--- Your task ---
The required output is the lines of the listing from the beginning through the line containing "Charmante 2 1/2", each copied exactly, without any pictures.

--- Records provided ---
===

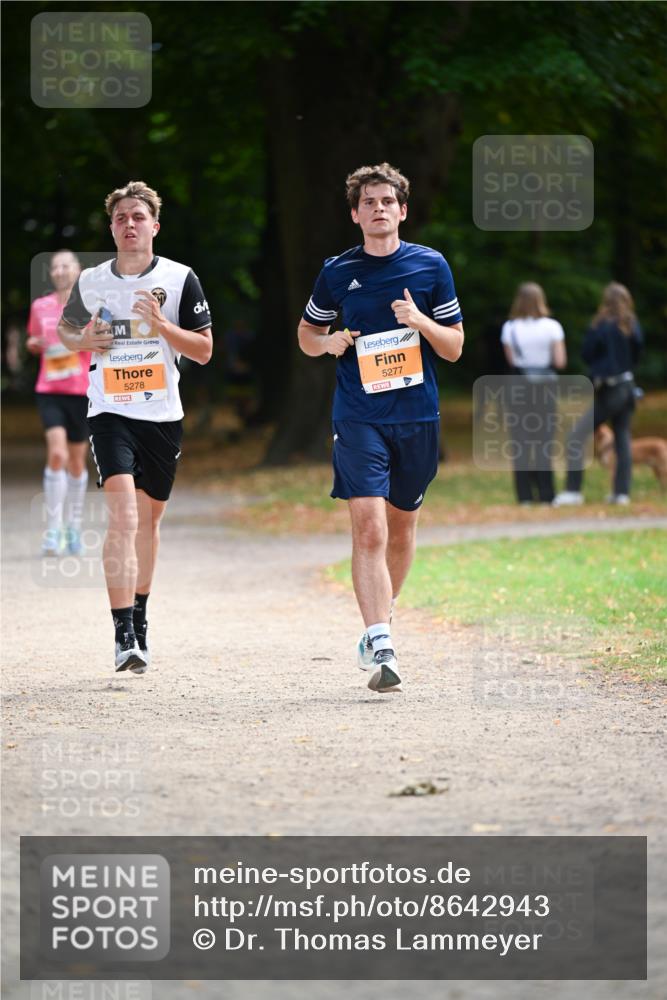 31.08.2025 - 21. Blankeneser Heldenlauf Dr. Thomas Lammeyer http://msf.ph/oto/8642943 31.08.2025 11:08:18 Laufen 5278, 5277 meine-sportfotos.de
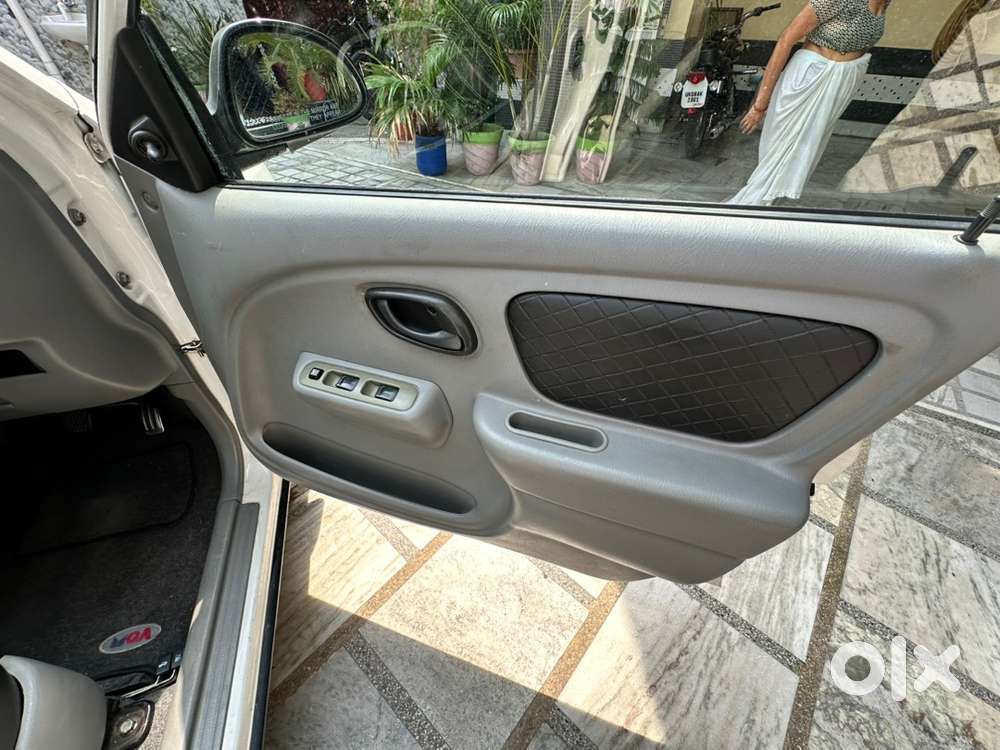 Maruti Suzuki Alto K10 Vxi 2012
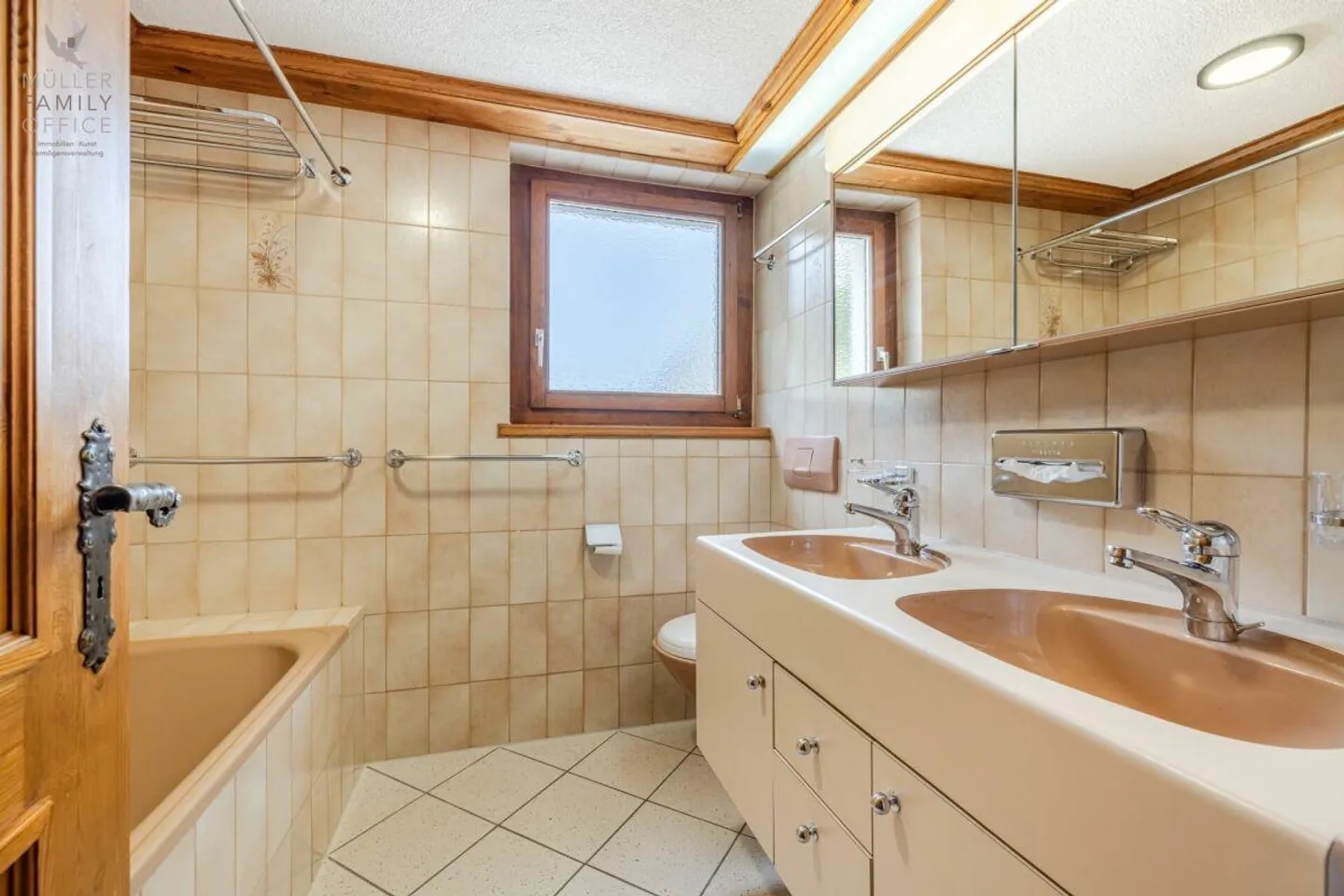 Charmante 2 1/2 Zimmer-Wohnung mit atemberaubendem Panoramablick in... - Foto 9 von 13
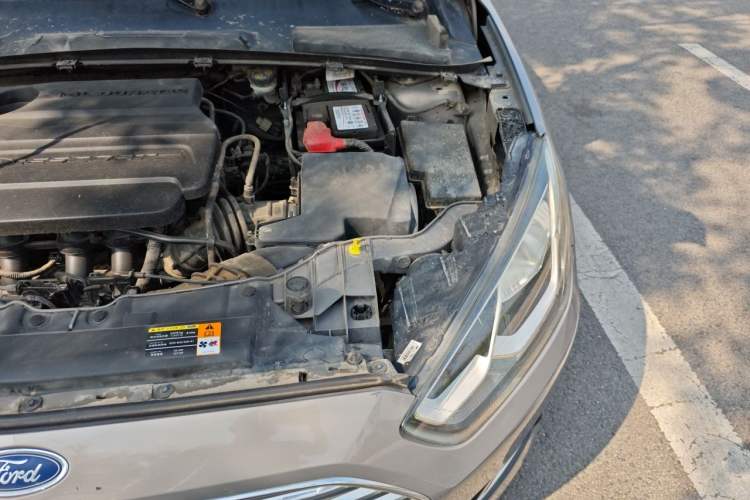 Used Ford Escort 2015 1.5L Manual Fashion Edition Engine Bay Left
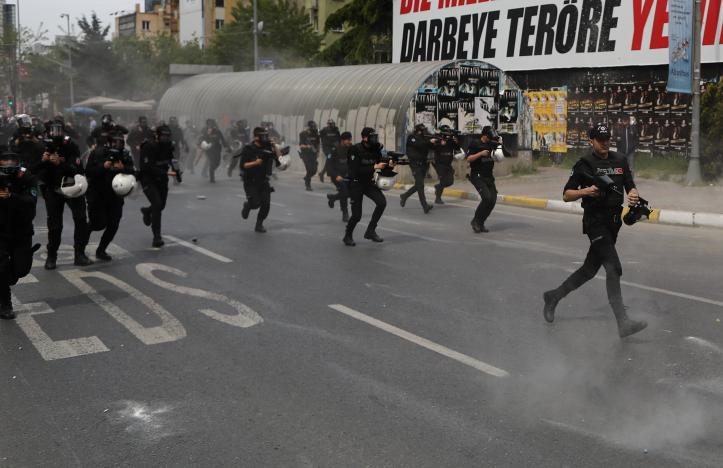 Турецкие спецназовцы задержали по меньшей мере 207 человек во время первомайских демонстраций, которые переросли в столкновения с полицией в Стамбуле. 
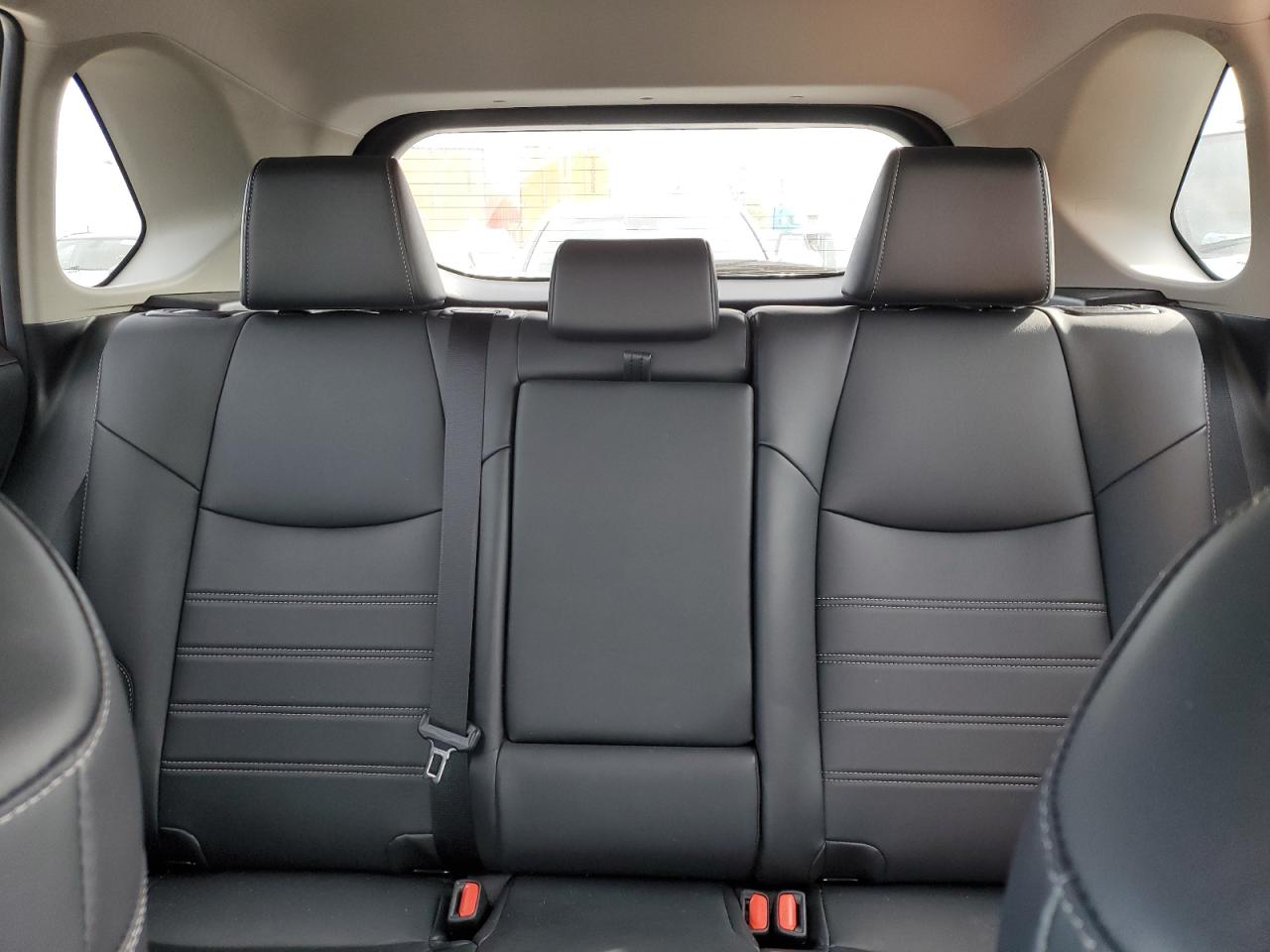2020 Toyota RAV 4 - Image 10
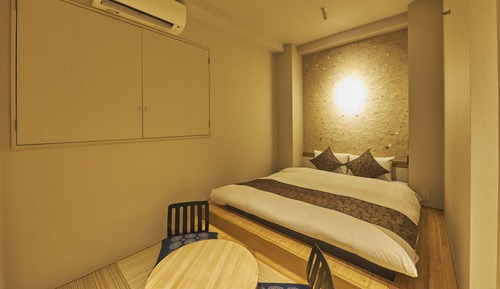 Habitación estándar doble, 1 cama de matrimonio, no fumadores, bañera (Low Bed)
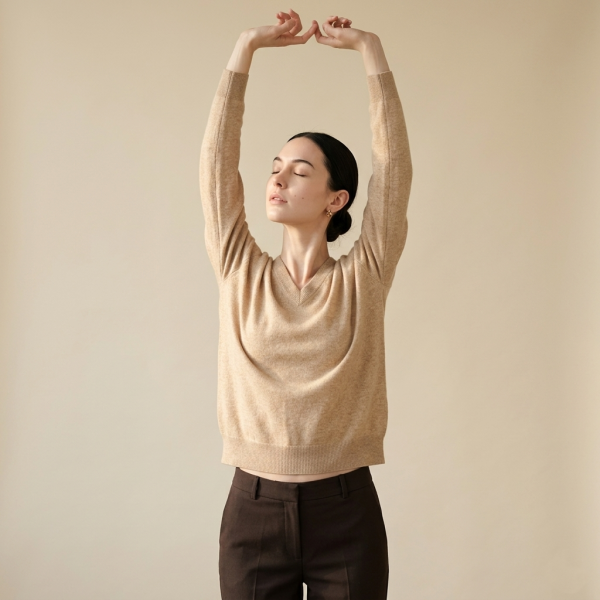 Women's Undyed Cashmere V-Neck Sweater - The Original - Image 9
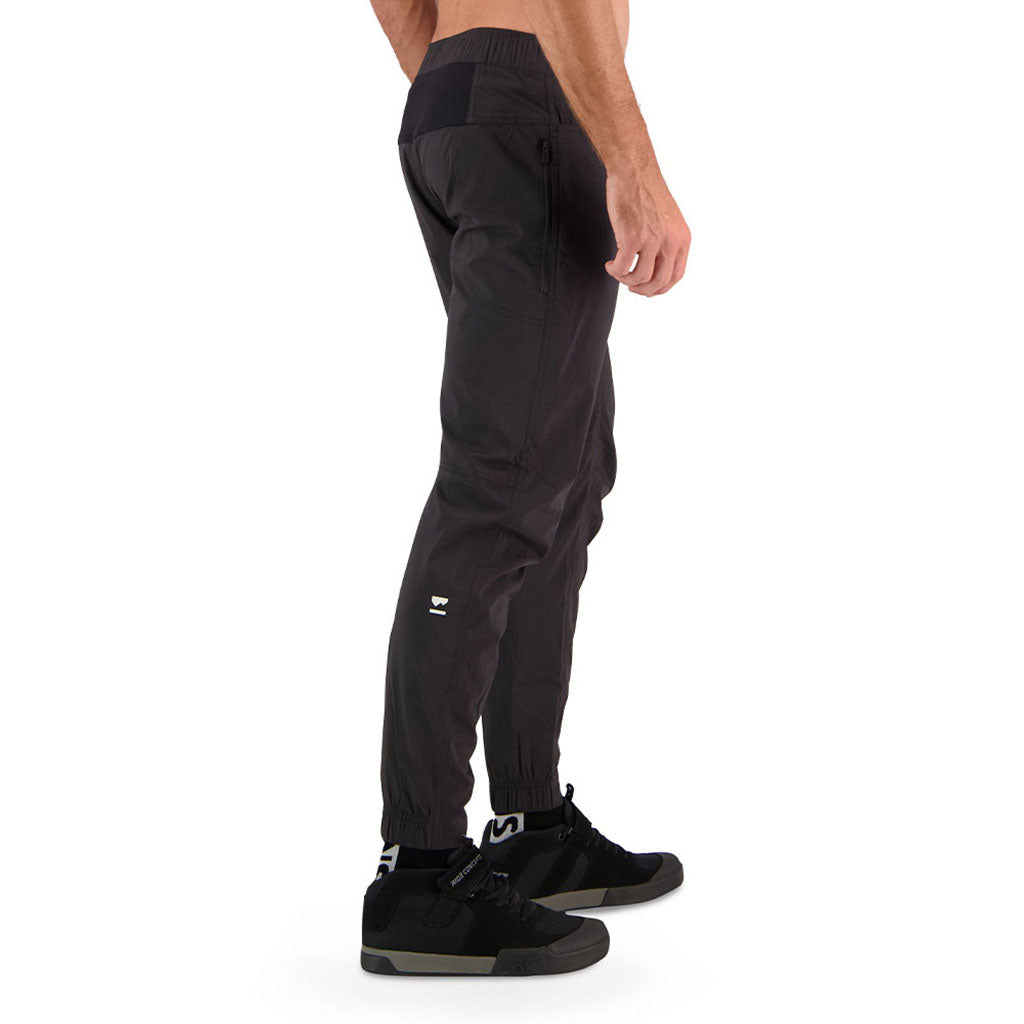 Virage MTB Bukser i farven sort set fra en skrå vinkel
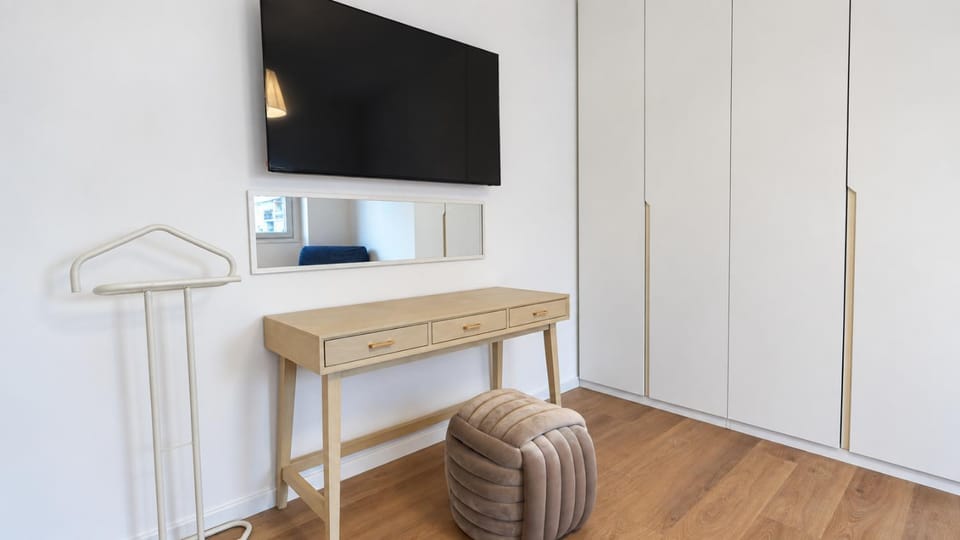 TV and multimedia, hair dresser, wardrobe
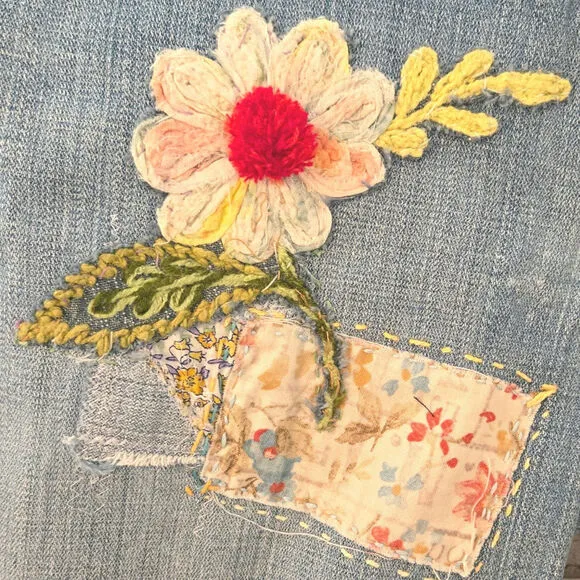 Upcycled Handmade Levi's Denim Frayed Shorts Embellished floral vtg lace Size 10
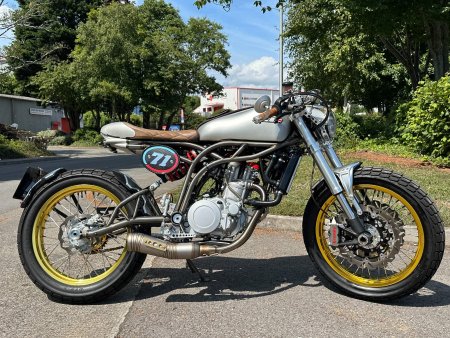 CCM Spitfire 600 Cafe Racer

===

--- Result of this exercise ---
 31.08.2025 - 21. Blankeneser Heldenlauf Dr. Thomas Lammeyer http://msf.ph/oto/8642943 31.08.2025 11:08:18 Laufen 5278, 5277 meine-sportfotos.de
 Maruti Suzuki Alto K10 Vxi 2012
 Charmante 2 1/2 Zimmer-Wohnung mit atemberaubendem Panoramablick in... - Foto 9 von 13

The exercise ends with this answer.